# Banijay Emotions CSV preprocessimg 

In this script we are processing the Robinson22_structure CSV file that was provided by Banijay. It includes, among others, the annotated emotions for each fragment, the episode name, and the start and end time of the fragment. This Data will be used to evaluate the performance of our emotion-prediction pipeline.

In [1]:
import pandas as pd 

In [2]:
# load banijay emotions dataframe
data = pd.read_csv('../../data/data_banijay/raw/Robinson22_structure.csv')

In [3]:
# create subset of dataframe
df = data[['Instance name', 'Episode name', 'Act', 'Chapter', 'Segment', 'Start Time (seconds)',
       'End Time (seconds)', 'Emotions']]

In [4]:
# drop duplicate rows to only keep one row for each fragment of the show
cleaned_df = df.drop_duplicates()

### Lookup emotions according to emotions wheel 

To better compare our predictions to the annotated emotions from Banijay, we are mapping the 'Emotions' column to the 6 core emotions as proposed by Paul Ekman. 

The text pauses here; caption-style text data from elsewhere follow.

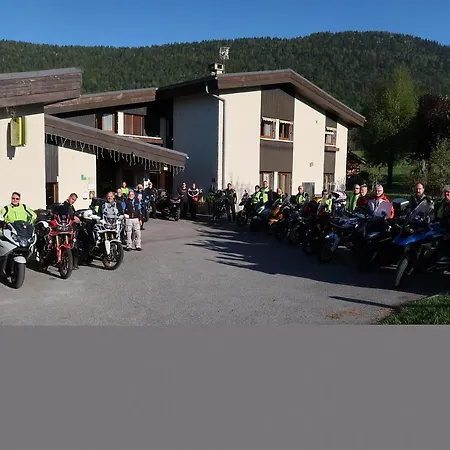 Logis Le Vernay 3*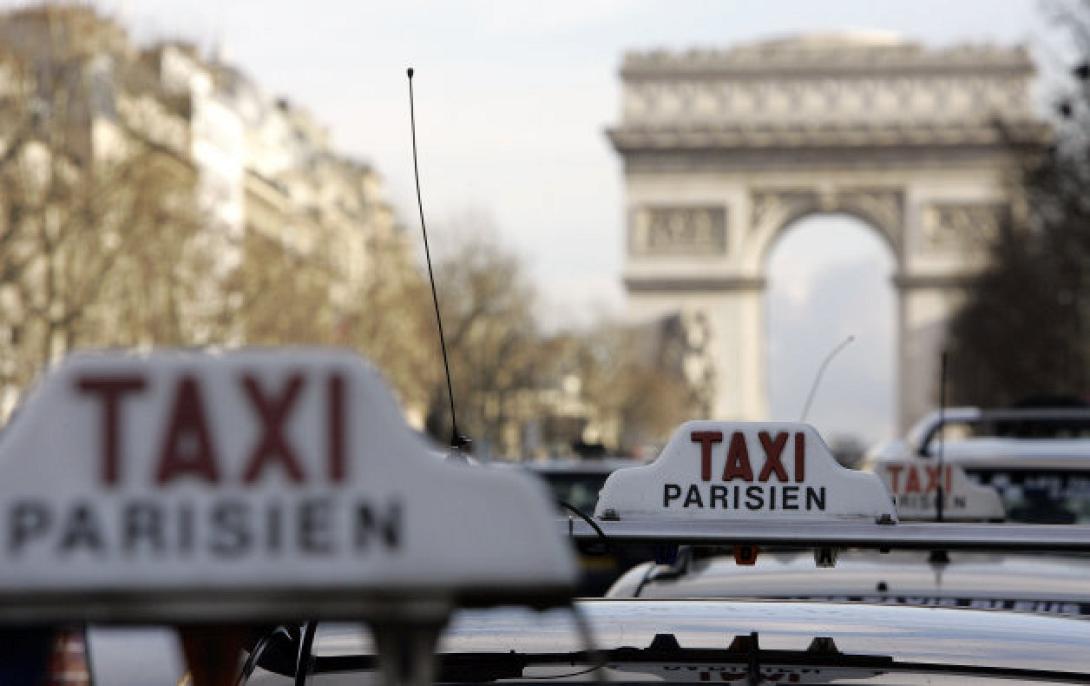 Οι οδηγοί ταξί διαμαρτύρονται στο Παρίσι για την Uber - Απαγορεύουν από την 1η Ιανουαρίου την εφαρμογή
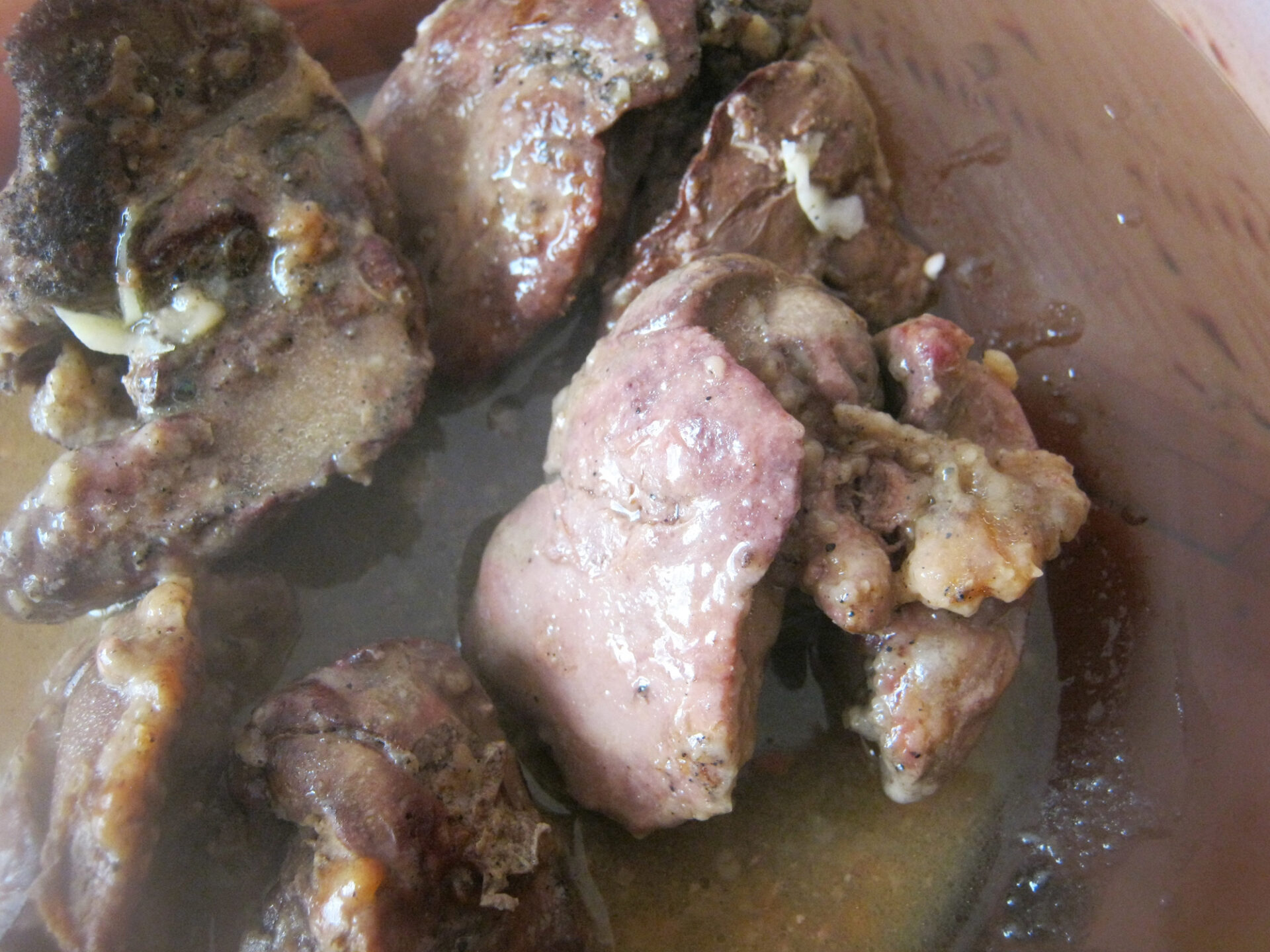 Ficat de pui in sos poza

As not all emotions that were annotated by Banijay can be clearly mapped to the 6 core emotions, we are only mapping the ones with a clear match. For matching the emotions we used the emotion wheel as can be found here: https://adsai.buas.nl/Year2/BlockC/images/emotions_wheel.png 

**The following emotions were not mapped:**
- Realization
- Gratitude
- Admiration
- Approval
- Desire
- Anticipation
- Curiosity
- Caring
- Hunger

In [5]:
emotion_words_lookup = {
    'surprise': ['Surprise', 'Amusement', 'Excitement', 'Confusion'],
    'happiness': ['Joy', 'Pride', 'Relief', 'Love', 'Optimism'],
    'sadness': ['Sadness', 'Disappointment', 'Grief', 'Remorse', 'Shame'],
    'fear': ['Fear', 'Nervousness'],
    'anger': ['Anger', 'Disapproval', 'Embarrassment', 'Annoyance'],
    'disgust': ['Disgust']
}

In [6]:
def map_emotion(emotion_str):
    """
    Maps emotions from a string to their corresponding categories.
    
    Args:
        emotion_str (str): A string containing emotions separated by commas.
        
    Returns:
        str: A string containing the mapped emotion categories separated by commas.
    """
    if pd.isna(emotion_str):
        return None
    emotions = emotion_str.split(', ')
    mapped_emotions = []
    for emotion in emotions:
        for key, values in emotion_words_lookup.items():
            if emotion in values:
                mapped_emotions.append(key)
                break
    return ', '.join(mapped_emotions)

# Apply mapping function to 'Emotions' column
cleaned_df['mapped_emotion'] = cleaned_df['Emotions'].apply(map_emotion)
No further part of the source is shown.